2. Incised wound 9″ × 1″ on the right side of the neck, horizontal.”
According to the appellant, these injuries were caused to him by the deceased. It is most unlikely that those could have been so caused. On the other hand, we agree with the High Court that these injuries were most likely to have been self-inflicted. The trial court has relied heavily on these injuries in coming to the conclusion that the appellant has made good his plea of self-defence. Dr Kamal Nayan, when questioned about those Injuries, deposed that those injuries could not have been self-inflicted. We fail to see why those injuries could not have been self-inflicted. We agree with Dr Bhati that those injuries could have been either self-inflicted or caused by others. It is true that the injury No. 1 is a serious injury, and it is not likely that the appellant would have self-inflicted that injury merely to support his plea of self-defence. But that does not rule out the possibility of an attempt on the part of the appellant to commit suicide after killing his wife. That was exactly the suggestion made on behalf of the prosecution. Even if we leave aside the oral evidence, the proved circumstances, in our opinion, are wholly incompatible with the plea taken by the accused.
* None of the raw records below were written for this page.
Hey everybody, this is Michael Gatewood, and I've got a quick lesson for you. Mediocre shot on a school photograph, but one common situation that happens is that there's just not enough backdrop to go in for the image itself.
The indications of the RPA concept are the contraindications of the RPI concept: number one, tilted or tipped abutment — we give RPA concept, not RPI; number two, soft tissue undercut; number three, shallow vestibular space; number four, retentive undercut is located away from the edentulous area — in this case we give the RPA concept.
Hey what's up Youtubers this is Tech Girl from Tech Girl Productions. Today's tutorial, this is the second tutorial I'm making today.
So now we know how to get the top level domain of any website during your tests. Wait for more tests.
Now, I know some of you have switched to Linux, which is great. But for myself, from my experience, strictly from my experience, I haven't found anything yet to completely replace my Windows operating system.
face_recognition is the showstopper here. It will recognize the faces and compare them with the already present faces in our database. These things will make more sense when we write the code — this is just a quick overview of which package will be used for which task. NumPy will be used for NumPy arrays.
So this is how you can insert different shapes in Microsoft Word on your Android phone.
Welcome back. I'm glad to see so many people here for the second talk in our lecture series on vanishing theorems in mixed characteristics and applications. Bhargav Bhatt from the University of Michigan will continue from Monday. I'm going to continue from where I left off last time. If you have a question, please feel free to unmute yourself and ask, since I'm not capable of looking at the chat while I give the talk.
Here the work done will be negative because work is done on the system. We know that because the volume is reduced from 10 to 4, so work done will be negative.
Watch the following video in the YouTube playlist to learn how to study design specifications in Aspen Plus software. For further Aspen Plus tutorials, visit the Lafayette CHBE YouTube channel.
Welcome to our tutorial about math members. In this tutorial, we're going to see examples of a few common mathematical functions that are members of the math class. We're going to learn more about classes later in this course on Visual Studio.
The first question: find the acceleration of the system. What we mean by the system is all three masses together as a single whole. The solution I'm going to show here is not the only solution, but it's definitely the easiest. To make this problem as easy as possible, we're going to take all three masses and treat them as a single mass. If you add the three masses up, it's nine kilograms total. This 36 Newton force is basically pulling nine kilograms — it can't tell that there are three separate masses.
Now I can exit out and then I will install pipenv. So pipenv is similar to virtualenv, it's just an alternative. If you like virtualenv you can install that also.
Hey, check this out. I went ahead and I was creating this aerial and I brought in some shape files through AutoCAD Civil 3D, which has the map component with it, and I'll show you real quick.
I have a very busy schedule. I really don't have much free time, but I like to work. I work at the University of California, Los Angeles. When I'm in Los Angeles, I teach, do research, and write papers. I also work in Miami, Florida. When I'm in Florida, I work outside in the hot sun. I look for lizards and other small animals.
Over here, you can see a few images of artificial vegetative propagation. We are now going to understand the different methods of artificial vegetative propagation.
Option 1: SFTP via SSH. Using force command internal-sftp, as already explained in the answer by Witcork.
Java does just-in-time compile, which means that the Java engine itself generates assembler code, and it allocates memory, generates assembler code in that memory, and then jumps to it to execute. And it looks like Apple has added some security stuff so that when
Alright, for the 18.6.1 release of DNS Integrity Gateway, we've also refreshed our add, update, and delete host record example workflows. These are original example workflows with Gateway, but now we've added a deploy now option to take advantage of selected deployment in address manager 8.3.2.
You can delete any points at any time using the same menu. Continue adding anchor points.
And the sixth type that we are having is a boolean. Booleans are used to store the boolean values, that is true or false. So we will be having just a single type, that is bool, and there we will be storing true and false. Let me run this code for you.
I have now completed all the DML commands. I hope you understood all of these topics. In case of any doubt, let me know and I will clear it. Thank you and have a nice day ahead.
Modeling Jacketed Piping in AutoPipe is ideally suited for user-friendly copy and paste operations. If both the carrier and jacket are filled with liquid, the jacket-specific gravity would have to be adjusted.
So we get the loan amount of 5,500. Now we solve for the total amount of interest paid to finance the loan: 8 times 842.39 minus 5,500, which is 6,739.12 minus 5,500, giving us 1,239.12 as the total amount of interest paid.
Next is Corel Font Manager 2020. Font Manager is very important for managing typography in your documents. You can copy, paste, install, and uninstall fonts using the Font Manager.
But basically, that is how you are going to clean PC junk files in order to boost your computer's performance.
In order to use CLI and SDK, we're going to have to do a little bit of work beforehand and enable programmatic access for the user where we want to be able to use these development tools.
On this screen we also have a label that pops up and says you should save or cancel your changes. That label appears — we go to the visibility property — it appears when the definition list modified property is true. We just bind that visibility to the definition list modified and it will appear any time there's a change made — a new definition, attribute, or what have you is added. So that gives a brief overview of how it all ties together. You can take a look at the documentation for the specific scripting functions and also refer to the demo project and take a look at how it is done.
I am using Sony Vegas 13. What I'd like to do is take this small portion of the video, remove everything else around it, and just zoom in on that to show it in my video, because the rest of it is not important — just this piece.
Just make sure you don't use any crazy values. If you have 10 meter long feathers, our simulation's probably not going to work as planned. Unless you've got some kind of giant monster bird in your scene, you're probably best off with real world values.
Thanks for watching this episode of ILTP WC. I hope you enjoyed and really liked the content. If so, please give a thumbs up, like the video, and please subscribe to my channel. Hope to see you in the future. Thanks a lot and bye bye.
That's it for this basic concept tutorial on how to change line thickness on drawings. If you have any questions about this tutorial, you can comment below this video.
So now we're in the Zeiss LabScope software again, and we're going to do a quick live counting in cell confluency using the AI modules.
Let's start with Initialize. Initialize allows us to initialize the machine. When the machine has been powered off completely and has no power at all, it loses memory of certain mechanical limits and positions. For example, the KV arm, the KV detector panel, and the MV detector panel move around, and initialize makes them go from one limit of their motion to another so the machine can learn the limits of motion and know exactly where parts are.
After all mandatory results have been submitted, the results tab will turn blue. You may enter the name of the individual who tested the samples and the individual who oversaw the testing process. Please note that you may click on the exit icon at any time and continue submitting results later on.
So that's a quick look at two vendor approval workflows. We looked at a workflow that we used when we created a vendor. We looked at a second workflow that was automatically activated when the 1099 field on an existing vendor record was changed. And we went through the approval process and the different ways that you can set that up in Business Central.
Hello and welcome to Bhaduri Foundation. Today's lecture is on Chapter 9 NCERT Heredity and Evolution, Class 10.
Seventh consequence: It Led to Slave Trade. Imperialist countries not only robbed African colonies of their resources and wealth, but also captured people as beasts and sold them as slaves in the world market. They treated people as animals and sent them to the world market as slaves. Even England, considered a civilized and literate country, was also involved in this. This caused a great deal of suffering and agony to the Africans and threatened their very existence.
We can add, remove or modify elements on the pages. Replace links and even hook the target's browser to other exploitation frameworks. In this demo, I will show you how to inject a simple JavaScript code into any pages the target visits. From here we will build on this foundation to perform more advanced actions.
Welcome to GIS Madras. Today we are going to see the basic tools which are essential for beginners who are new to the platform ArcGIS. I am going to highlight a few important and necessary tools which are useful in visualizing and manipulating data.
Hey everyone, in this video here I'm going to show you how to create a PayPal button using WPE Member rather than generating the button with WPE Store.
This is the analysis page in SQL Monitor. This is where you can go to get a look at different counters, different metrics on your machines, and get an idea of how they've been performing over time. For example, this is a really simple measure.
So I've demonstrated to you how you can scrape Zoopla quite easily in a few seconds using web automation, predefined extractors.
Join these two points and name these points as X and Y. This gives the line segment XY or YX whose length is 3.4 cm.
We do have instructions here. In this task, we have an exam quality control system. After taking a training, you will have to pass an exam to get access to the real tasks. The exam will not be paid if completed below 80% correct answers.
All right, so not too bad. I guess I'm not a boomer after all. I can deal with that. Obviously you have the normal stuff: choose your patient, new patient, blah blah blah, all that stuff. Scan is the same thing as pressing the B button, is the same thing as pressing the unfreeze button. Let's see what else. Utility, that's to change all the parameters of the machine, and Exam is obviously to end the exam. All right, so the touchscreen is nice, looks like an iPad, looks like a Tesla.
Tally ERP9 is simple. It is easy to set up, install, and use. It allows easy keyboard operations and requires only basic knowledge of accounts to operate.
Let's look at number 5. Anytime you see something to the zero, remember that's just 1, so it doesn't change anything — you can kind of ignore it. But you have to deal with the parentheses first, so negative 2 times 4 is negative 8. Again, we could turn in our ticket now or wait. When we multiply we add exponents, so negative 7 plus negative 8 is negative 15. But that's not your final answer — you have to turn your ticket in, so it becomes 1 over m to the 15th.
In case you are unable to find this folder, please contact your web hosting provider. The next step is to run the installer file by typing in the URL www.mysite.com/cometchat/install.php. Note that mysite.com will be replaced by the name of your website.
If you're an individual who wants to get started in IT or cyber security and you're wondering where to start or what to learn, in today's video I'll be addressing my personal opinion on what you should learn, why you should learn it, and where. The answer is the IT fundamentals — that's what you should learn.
11. The High Court has carefully analysed the evidence on record and has come to the conclusion that the prosecution case is fully made out and that the appellant has failed to establish his plea of self-defence. The trial court approach to the evidence is wholly wrong. It has neither analysed the evidence on record nor correctly formulated the questions arising for decision. By giving undue attention to irrelevant details, it lost sight of the overall picture. It failed to note that the only question that fell for decision in this case is whether the appellant has satisfactorily established his plea of self-defence. Considerable inadmissible evidence has been allowed to be adduced. Many of the theories evolved by the learned Trial Judge are based on inadmissible evidence. The trial Judge was under an erroneous impression that statement made by an accused person to the investigating officer at the time of the investigation of the case was admissible in evidence. He obviously overlooked the fact that it was hit by Section 162 CrPC. He took hold of the statement of the deceased made to her mother, referred to earlier, not knowing that it is inadmissible in evidence. It is not one of those statements saved by Section 32 of the Evidence Act. On the whole, we are of the opinion that the learned Trial Judge perfunctorily examined the evidence on record and came to erroneous conclusions. We are in agreement with the High Court that the evidence of the father of the deceased as well as of the Sarpanch is acceptable. The reasons given by the learned Trial Judge for rejecting their testimony are wholly unsatisfactory. That evidence shows that the appellant had told them that he had killed his wife, and at that time he made no suggestion of any self-defence.
12. For the reasons mentioned above, this appeal fails and is dismissed.